**Your assignment:**
The entries that follow should be reproduced exactly, with no images carried over.

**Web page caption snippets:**

════════════════

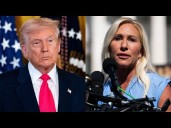 How Trump and Marjorie Taylor Greene's feud over the Epstein files escalated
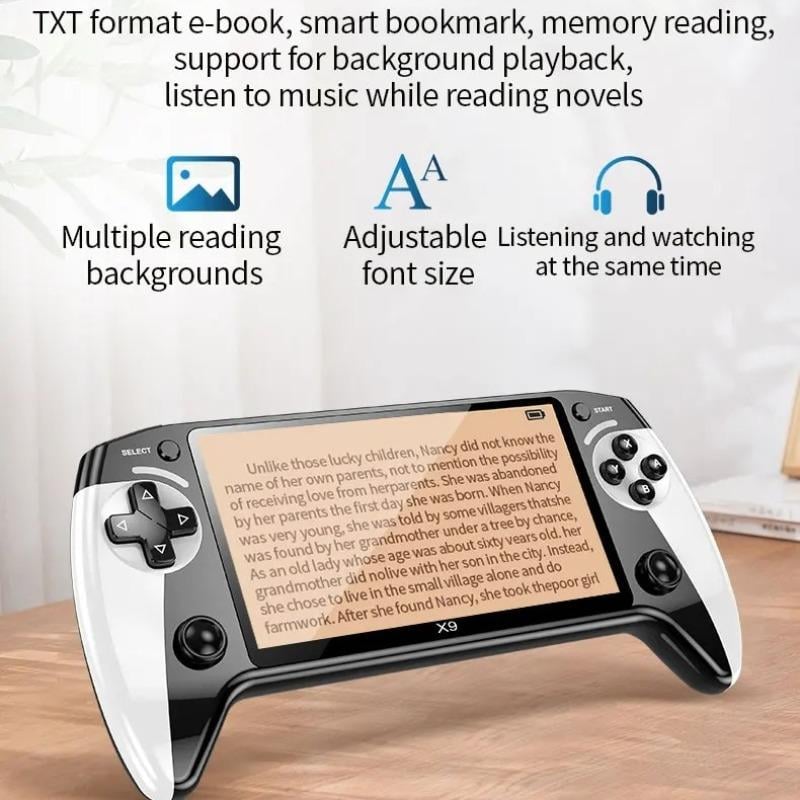 🔥49% OFF 5.5 Inch Screen Handheld Game Console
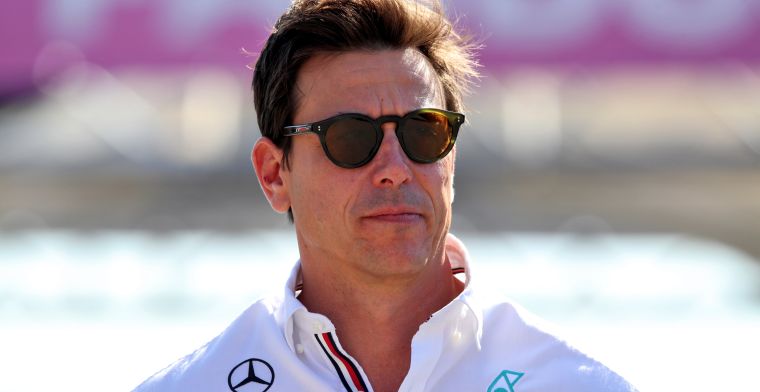 Wolff: 'This time the FIA accepted that it ended behind the safety car'.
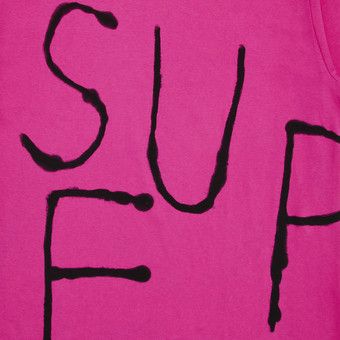 Buy Supreme Painted Tee 'Fuchsia' - SS25T58 FUCHSIA | GOAT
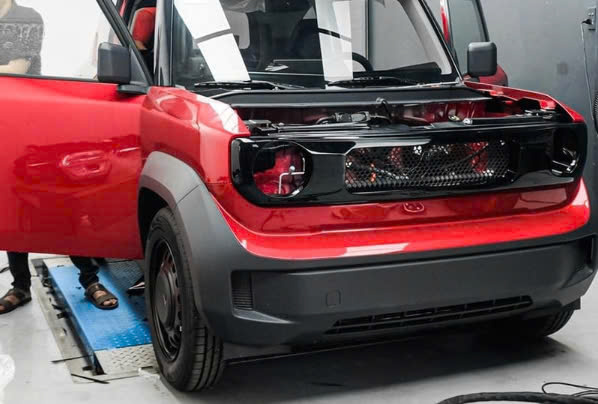 Độ full xe VF3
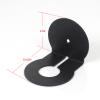 HEAIQI Speaker Stand Speaker Bracket Speaker Wall Bracket Audio Base Opening Free Audio Performance Audio Wall Bracket Speaker Mounts and Media Stands(Black) view 2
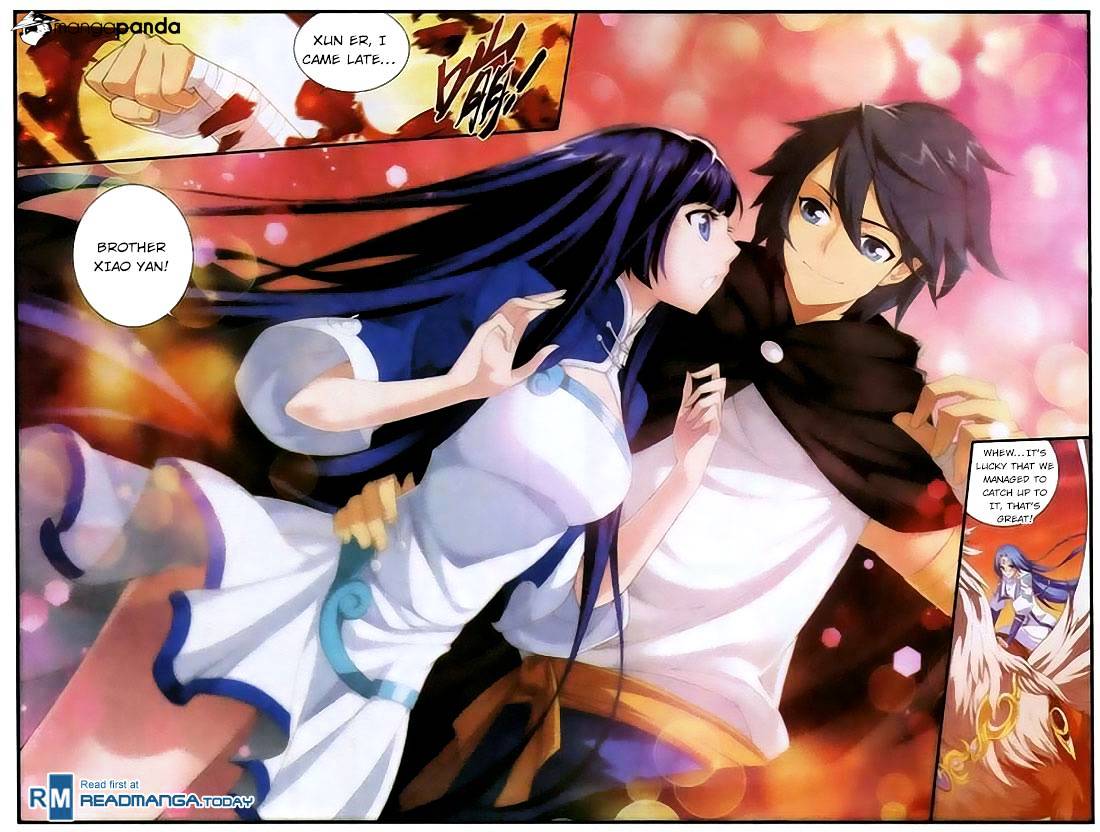 Fights Breaking Through The Heavens chapter 105 page 16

════════════════

**Result for this exercise:**
 How Trump and Marjorie Taylor Greene's feud over the Epstein files escalated
 🔥49% OFF 5.5 Inch Screen Handheld Game Console
 Wolff: 'This time the FIA accepted that it ended behind the safety car'.
 Buy Supreme Painted Tee 'Fuchsia' - SS25T58 FUCHSIA | GOAT
 Độ full xe VF3
 HEAIQI Speaker Stand Speaker Bracket Speaker Wall Bracket Audio Base Opening Free Audio Performance Audio Wall Bracket Speaker Mounts and Media Stands(Black) view 2
 Fights Breaking Through The Heavens chapter 105 page 16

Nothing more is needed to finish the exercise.